I grew up on Fifth Ave. in Monrovia, on the north side of the Pacific Electric (PE) right-of-way. From the time I was old enough to notice, to the sad days in 1952 when the track and trolley wire were ripped out, PE was part of my life. Typical weekday service was a car every half-hour to Monrovia, with every other car continuing to Glendora. Rush hours would see two and three car trains running on ten or fifteen minute headways. Add to this a daily freight train, a daily “box motor”, and assorted work cars, and there was a lot to watch.

Two PE "home-brew" cars (built in Torrance in 1925) and the big brown tower car (built in Los Angeles in 1915) with the author running it.

Two PE “home-brew” cars (built in Torrance in 1925) and the big brown tower car (built in Los Angeles in 1915) with the author running it.

When I was in fourth grade at Monroe School, the westbound freight rumbled past around 1:30 PM on its way to Los Angeles. The City of Monrovia had installed a stop sign at Olive and Mayflower, where the track left street-running and resumed private right-of-way, and I’d hear the hiss of air brakes and the clanking of the train coming to a halt. The head brakeman probably got off to flag the crossing, and the engineer (by this time the electrics had given way to diesel power) would turn on the air-operated bell and start up with more rattling and clanking as the slack pulled out. Whatever was under discussion in class was totally lost to me.
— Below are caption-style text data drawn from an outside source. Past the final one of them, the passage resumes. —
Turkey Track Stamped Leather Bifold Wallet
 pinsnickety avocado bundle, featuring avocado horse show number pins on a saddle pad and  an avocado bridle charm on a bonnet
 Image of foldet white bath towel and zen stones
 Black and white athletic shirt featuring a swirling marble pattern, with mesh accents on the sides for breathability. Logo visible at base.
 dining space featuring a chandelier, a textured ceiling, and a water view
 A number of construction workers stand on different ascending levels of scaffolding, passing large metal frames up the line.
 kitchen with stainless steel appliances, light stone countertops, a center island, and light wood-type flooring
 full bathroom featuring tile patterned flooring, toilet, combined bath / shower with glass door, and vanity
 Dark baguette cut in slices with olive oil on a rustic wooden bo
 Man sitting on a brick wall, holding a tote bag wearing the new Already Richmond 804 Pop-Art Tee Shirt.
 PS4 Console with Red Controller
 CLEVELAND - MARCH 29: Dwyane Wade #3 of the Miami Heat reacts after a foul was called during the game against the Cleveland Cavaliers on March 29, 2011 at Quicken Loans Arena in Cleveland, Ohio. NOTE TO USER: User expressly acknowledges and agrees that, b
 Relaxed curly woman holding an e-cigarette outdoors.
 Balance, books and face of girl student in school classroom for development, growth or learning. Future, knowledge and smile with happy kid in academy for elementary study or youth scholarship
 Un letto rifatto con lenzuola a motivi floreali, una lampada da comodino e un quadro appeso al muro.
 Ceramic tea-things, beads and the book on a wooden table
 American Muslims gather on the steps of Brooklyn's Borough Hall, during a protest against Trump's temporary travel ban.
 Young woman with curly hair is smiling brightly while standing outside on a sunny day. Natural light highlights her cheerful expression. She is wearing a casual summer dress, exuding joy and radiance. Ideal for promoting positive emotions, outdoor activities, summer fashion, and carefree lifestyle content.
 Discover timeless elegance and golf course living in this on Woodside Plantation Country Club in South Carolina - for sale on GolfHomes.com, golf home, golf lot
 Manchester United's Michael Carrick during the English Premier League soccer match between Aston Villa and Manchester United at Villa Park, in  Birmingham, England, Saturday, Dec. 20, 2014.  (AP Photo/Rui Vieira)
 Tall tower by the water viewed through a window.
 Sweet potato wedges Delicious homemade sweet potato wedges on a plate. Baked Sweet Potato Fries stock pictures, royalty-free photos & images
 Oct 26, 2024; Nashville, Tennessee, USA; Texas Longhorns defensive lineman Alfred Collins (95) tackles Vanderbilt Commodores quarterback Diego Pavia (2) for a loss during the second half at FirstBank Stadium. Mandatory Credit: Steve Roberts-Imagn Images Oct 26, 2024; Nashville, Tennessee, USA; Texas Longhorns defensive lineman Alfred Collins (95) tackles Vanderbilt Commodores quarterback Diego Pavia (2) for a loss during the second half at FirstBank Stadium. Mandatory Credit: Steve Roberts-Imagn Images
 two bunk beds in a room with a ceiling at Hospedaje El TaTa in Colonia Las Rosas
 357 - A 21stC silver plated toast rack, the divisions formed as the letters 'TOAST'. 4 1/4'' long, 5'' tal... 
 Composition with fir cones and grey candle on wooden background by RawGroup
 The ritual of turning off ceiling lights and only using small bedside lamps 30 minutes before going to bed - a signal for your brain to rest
Diesel locomotives started appearing on freights in the late 1940’s. As late as the mid-1970’s, diesels used on former PE lines in Santa Monica, Beverly Hills and West Hollywood had interurban-style whistles, and engineers (some of whom were ex-PE motormen) were forbidden to use regular air horns on the “Westside”. Back in 1968 I decided to check out the Hollywood Midnight Switcher. I found the crew switching on Santa Monica Blvd. After the switching was completed, I followed the unit all the way through Beverly Hills, soaking up the mellow toot of the air whistle and the rumble of wheels on well-worn rails.

Pacific Electric’s track through Monrovia was in poor condition and was mostly original 1903 steel. Any plans for retaining rail service past 1951 would have had to include completely rebuilding the track. Construction of the Santa Ana/San Bernardino Freeway past Union Station canceled any hope of that happening by taking PE’s exit from downtown toward the San Gabriel Valley. The idea of building a grade-separated rapid transit line was discussed, but no business or political entity would ante-up the money.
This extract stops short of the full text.